HOMILÉTIQUES, (Droit natur.) On distingue de ce nom les vertus relatives au commerce de la vie ; Aristote dit que ces sortes de vertus ont lieu, ἔν ταῖς ὁμιλίαις ϰαὶ τῷ συζῆν. Ethic. Nicomach. lib. IV. cap. xij.

Je les définis en général avec l’évêque de Peterborough, certaines dispositions à pratiquer une sorte de justice qui fait du bien à autrui, par un usage de signes arbitraires, convenable à ce que demande le bien commun.

Les signes arbitraires que nous entendons ici, sont non seulement la parole qui est le principal, mais encore les gestes du corps, la contenance & tous les mouvemens du visage, qui sont des indices de quelque disposition de l’ame dépendant de notre volonté.

Les vertus homilétiques sont la gravité & la douceur, comitas, qui gardent en toutes leurs démonstrations une juste mesure ; pour ce qui est de la parole en particulier, l’usage & les bornes convenables en sont reglées par le sage silence, taciturnitas, lorsque le bien commun le demande ; par la véracité qui s’appelle fidélité en matiere de promesses, & par l’urbanité. On conçoit déja quels sont les vices ou défauts opposés aux vertus homilétiques, & nous les nommerons en parlant de chacune de ces vertus sous leurs articles respectifs. (D. J.)

HOMINICOLES, s. m. plur. (Théolog.) nom que les Apollinaristes donnoient autrefois aux orthodoxes, pour marquer qu’ils adoroient un homme. Voyez Apollinaristes.

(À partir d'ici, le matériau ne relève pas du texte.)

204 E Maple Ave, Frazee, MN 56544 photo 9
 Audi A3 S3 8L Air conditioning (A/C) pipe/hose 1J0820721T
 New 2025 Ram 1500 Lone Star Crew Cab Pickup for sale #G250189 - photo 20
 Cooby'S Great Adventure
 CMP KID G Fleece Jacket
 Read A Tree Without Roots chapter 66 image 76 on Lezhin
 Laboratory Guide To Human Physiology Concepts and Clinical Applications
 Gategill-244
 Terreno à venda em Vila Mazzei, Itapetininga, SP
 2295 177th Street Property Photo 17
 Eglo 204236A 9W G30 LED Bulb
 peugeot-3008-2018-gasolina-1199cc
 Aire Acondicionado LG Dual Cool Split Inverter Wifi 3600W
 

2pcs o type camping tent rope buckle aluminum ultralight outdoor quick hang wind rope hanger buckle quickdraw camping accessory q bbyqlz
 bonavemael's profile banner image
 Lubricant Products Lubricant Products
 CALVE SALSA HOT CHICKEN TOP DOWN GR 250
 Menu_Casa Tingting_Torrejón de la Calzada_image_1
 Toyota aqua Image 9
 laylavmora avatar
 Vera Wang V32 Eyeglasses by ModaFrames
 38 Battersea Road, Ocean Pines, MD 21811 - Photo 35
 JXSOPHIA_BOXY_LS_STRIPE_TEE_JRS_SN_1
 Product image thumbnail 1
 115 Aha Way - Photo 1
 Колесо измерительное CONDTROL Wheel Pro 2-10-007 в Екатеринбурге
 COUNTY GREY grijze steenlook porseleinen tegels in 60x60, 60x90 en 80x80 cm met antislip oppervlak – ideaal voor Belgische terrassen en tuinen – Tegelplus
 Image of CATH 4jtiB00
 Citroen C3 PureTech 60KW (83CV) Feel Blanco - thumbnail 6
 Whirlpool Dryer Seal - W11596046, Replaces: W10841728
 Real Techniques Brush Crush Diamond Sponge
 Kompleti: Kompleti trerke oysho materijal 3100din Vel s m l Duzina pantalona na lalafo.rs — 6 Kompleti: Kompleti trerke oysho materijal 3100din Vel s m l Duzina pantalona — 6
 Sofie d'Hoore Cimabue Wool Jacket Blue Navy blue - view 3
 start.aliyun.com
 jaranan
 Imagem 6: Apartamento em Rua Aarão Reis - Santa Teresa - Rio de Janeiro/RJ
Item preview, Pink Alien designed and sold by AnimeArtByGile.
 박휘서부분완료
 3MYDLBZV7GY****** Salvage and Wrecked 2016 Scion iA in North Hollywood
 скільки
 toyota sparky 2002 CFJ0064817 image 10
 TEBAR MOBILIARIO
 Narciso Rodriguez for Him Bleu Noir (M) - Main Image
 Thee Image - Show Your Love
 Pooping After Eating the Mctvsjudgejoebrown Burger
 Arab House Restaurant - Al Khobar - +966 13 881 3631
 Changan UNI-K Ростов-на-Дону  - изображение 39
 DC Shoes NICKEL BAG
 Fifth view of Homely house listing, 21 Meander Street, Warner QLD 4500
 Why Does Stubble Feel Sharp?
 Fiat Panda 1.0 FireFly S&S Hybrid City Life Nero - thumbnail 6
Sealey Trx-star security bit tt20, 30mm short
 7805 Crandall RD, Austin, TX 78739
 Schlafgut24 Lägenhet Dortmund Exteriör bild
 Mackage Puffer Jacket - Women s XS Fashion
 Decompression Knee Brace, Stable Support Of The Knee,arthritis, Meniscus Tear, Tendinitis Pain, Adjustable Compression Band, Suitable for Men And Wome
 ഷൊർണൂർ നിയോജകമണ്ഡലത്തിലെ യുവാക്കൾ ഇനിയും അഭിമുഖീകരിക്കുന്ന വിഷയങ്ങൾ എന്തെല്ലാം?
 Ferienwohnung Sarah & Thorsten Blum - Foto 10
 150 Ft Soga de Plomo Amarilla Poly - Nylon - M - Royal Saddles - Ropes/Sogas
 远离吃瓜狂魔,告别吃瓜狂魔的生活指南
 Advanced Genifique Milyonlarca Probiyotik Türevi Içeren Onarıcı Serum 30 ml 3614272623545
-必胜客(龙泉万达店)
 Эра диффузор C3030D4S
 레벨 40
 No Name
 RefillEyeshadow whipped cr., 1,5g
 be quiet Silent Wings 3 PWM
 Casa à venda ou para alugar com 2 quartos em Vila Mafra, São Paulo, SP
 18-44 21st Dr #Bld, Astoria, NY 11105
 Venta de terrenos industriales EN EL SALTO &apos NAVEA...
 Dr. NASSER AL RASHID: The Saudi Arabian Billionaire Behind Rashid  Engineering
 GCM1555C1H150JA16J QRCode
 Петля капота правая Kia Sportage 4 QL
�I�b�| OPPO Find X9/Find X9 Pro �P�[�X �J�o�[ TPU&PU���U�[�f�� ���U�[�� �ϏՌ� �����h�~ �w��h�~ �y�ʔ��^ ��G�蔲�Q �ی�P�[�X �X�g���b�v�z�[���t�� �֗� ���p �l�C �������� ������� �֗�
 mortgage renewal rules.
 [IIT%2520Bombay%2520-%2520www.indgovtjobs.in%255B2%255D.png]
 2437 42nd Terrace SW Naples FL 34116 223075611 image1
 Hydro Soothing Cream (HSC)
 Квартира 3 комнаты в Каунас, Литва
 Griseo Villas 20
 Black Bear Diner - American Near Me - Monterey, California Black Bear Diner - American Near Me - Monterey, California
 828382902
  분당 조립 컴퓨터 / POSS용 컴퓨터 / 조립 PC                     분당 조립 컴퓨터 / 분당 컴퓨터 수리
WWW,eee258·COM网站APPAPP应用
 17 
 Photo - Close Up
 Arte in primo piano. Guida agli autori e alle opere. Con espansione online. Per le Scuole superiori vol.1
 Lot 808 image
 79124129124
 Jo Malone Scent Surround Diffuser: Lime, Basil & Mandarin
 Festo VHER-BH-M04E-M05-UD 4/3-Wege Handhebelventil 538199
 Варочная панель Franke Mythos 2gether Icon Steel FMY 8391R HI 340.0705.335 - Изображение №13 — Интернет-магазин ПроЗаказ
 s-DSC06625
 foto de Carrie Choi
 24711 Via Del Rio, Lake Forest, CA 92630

Comme les Catholiques soutenoient que Jesus-Christ étoit Homme-Dieu, les Apollinaristes les accusoient d’adorer un homme, & les appelloient Hominicoles. Dict. de Trévoux. (G)

HOMMAGE, s. m. (Gram. & Jurispr.) seu fides, & dans la basse latinité hommagium ou hominium, est une reconnoissance faite par le vassal en présence de son seigneur qu’il est son homme, c’est-à-dire son sujet, son vassal.

Hommage vient de homme ; faire hommage ou rendre hommage, c’est se reconnoître homme du seigneur : on voit aussi dans les anciennes chartes que baronie & hommage étoient synonymes.

On distinguoit anciennement la foi & le serment de fidélité de l’hommage : la foi étoit dûe par les roturiers, voyez au mot Foi. Le serment de fidélité se prêtoit debout après l’hommage, il se faisoit entre les mains du bailli ou sénéchal du seigneur, quand le vassal ne pouvoit pas venir devers son seigneur ; au lieu que l’hommage n’étoit dû qu’au seigneur même par ses vassaux.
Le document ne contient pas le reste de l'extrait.